| AIM OF THE EXERCISE |
Exactly as written, copy the lines that run from the start of the data below to the line containing "Building Photo - Beautiful", both ends included.

(SUPPLIED RECORDS)

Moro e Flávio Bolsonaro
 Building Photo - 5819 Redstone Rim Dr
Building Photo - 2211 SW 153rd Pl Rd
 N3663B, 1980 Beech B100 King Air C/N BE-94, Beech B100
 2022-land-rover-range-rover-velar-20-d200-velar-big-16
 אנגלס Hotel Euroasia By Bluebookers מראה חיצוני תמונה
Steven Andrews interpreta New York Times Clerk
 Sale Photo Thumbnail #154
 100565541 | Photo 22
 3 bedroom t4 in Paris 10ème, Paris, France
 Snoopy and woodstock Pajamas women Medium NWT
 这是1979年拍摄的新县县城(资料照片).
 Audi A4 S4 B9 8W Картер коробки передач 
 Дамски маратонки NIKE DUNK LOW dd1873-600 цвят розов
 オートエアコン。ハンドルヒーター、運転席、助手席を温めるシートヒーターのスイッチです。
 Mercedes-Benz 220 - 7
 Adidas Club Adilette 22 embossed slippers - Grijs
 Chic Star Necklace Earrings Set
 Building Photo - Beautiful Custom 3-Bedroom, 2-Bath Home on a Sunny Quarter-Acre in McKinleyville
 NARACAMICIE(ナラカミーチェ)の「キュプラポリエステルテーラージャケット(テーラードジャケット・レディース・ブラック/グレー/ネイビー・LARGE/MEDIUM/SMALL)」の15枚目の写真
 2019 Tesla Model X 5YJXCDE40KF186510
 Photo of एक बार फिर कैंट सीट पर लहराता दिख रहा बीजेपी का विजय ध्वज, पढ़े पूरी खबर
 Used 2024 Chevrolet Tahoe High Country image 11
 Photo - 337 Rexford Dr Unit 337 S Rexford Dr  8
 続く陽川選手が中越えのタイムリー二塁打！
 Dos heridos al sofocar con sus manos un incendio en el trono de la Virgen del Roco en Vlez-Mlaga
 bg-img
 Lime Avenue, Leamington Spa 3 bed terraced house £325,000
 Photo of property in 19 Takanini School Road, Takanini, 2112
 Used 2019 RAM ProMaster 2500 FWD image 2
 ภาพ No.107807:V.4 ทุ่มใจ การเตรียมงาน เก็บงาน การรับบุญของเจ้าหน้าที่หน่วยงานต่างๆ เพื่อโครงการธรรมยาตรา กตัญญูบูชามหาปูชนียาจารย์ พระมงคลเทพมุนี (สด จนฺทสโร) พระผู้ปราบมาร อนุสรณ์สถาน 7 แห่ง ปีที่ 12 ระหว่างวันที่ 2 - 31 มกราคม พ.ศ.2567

(End SUPPLIED RECORDS)

| ANSWER SPACE |
Moro e Flávio Bolsonaro
 Building Photo - 5819 Redstone Rim Dr
Building Photo - 2211 SW 153rd Pl Rd
 N3663B, 1980 Beech B100 King Air C/N BE-94, Beech B100
 2022-land-rover-range-rover-velar-20-d200-velar-big-16
 אנגלס Hotel Euroasia By Bluebookers מראה חיצוני תמונה
Steven Andrews interpreta New York Times Clerk
 Sale Photo Thumbnail #154
 100565541 | Photo 22
 3 bedroom t4 in Paris 10ème, Paris, France
 Snoopy and woodstock Pajamas women Medium NWT
 这是1979年拍摄的新县县城(资料照片).
 Audi A4 S4 B9 8W Картер коробки передач 
 Дамски маратонки NIKE DUNK LOW dd1873-600 цвят розов
 オートエアコン。ハンドルヒーター、運転席、助手席を温めるシートヒーターのスイッチです。
 Mercedes-Benz 220 - 7
 Adidas Club Adilette 22 embossed slippers - Grijs
 Chic Star Necklace Earrings Set
 Building Photo - Beautiful Custom 3-Bedroom, 2-Bath Home on a Sunny Quarter-Acre in McKinleyville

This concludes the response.